Glen Astarita, All About Jazz 2001

No doubt Herb Robertson is one of the criminally under-recognized trumpeters in modern jazz and free improvisation as his highly praised work with alto saxophonist Tim Berne and recordings for the much beloved “JMT” jazz label will attest to his musical ndividuality. However, Robertson has since charted fertile terrain with some of Europe’s finest, although this new release was recorded in New Jersey, June 11, 2000.

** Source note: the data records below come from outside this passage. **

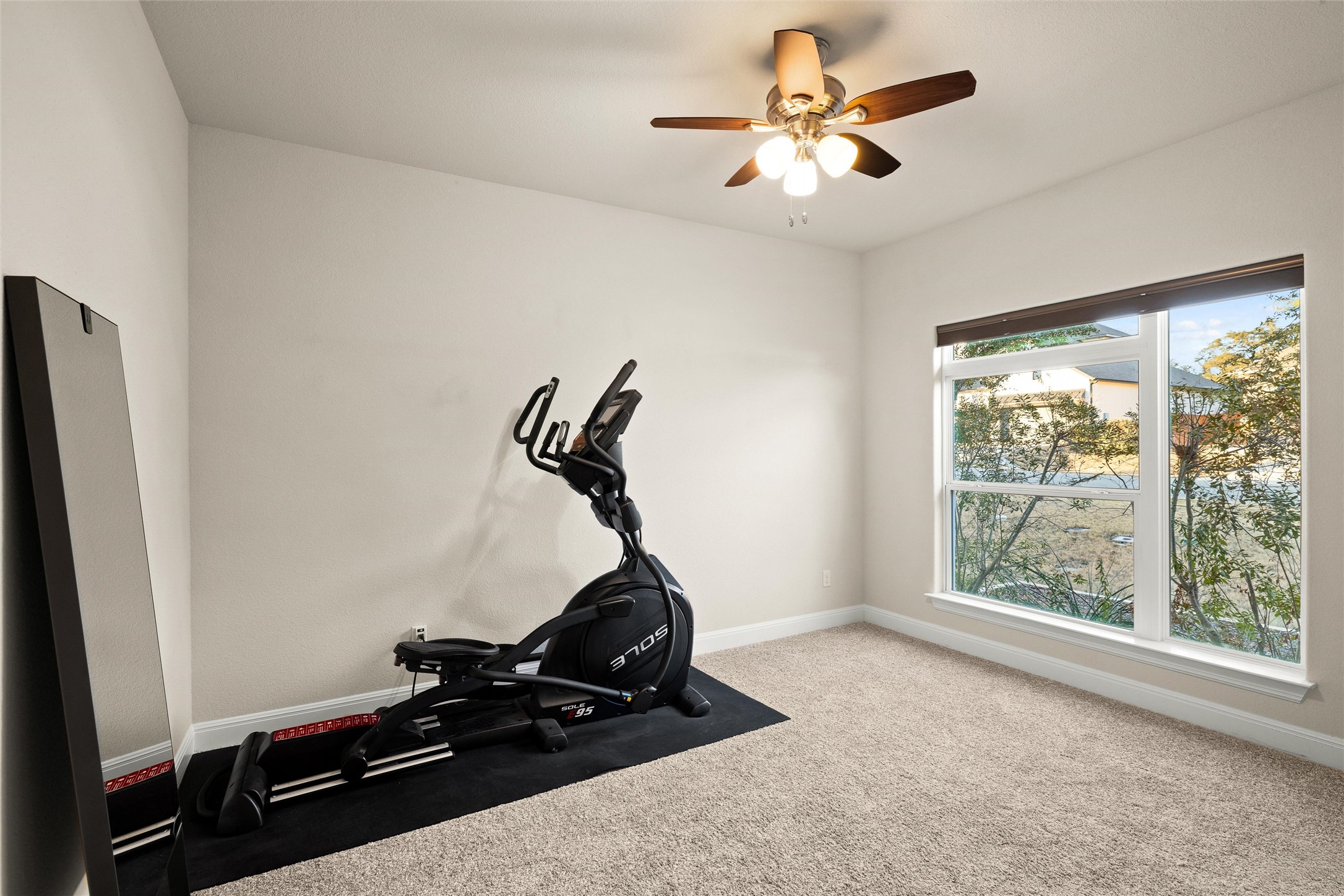 479 Crosswater Lane Dripping Springs, TX 78620 - Photo 26 of 40 a room with gym equipment and windows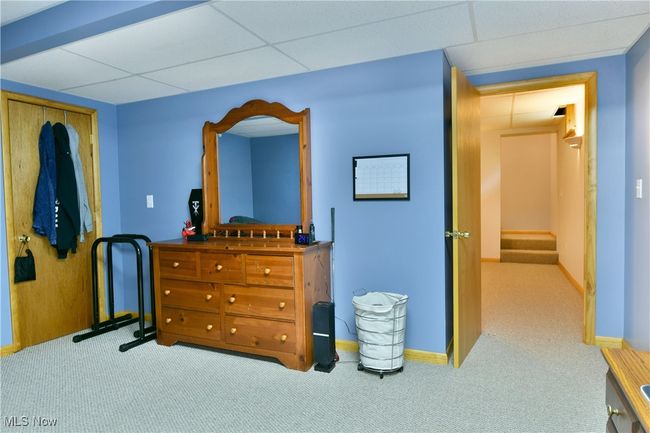 Carpeted bedroom featuring a drop ceiling and baseboards | Image 46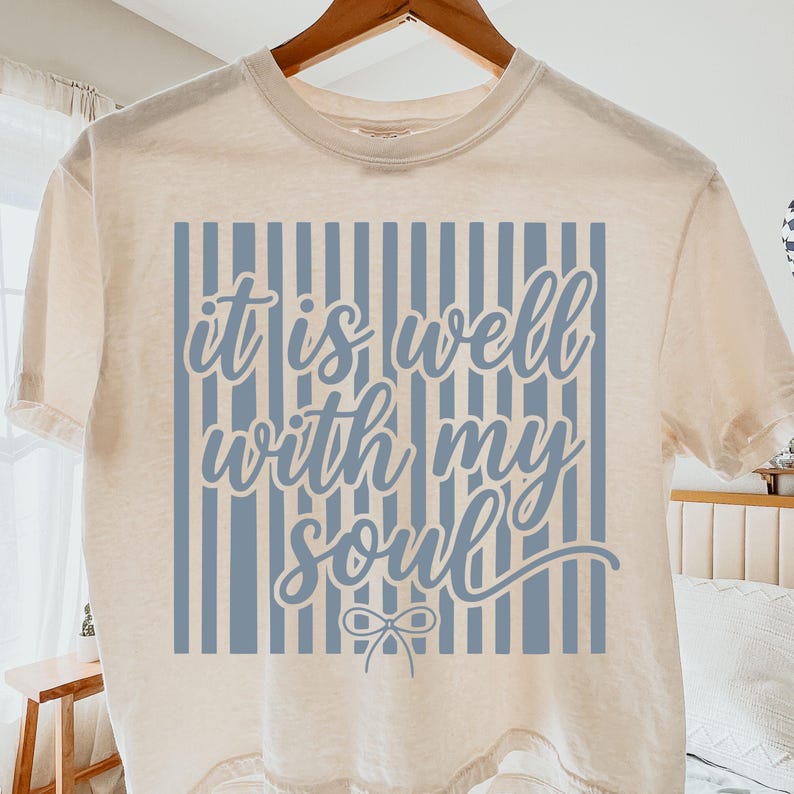 May include: Cream-colored t-shirt with a blue striped design and the text "it is well with my soul" in a cursive font. The shirt is hanging on a wooden hanger, showcasing its casual style and inspirational message.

Here, the trumpeter steers a group of like minded musicians for a series of lengthy and largely free improvisational pieces as the band opts for a semi-theatrical approach, teeming with humor and pathos. With “The Status Quo,” Robertson’s poetic recital provides a sense of parody amid trombonists’, Steve Swell and Bob Hovey’s cantankerous mid-register lines and Hans Tammen’s finicky “endangered guitar” underpinnings. Consequently, Robertson perpetuates a plethora of novel propositions via his gruff, raspy tone, fluent lines, and altogether muscular mode of attack. Tammen continues with his manic guitar passages on the free flowing piece, “Time Out/Zipangu,” whereas, various members of the band utilize small percussion instruments in concurrence with Robertson’s melodica performances, whistles and the soloists’ fragmented micro-themes. Hence, there’s a whole lot going on here, including Chris Lough’s nimbly executed bass lines, drummer Tom Sayek’s oscillating rhythms, Robertson’s boisterously stated lyricism and the musicians’ generally festive undercurrents on pieces such as “Tickle Me Crazy” and “Beehive Secrets”.

Overall, Music For Long Attention Spans effectively captures one’s imagination as this new effort might signify one of Herb Robertson’s most persuasive recorded documents to date. Highly recommended.

Richard Cochrane, Musings 2001

This is a jazz band of splendid talents, and this record must be one of the most exciting in the Leo catalogue of those which fall firmly under that generic rubric. Full of unexpected moments, it is genuinely enthralling.

Pablo Abril, 2002

Post-free stances from a textural outlook, featuring a certain deconstruction of instrumental roles, incorporation of noise, unusual distribution of sonic space. A cubist perspective in which the interplay remains quite lucid within free language, displaying a strong tendency towards atmospheric construction.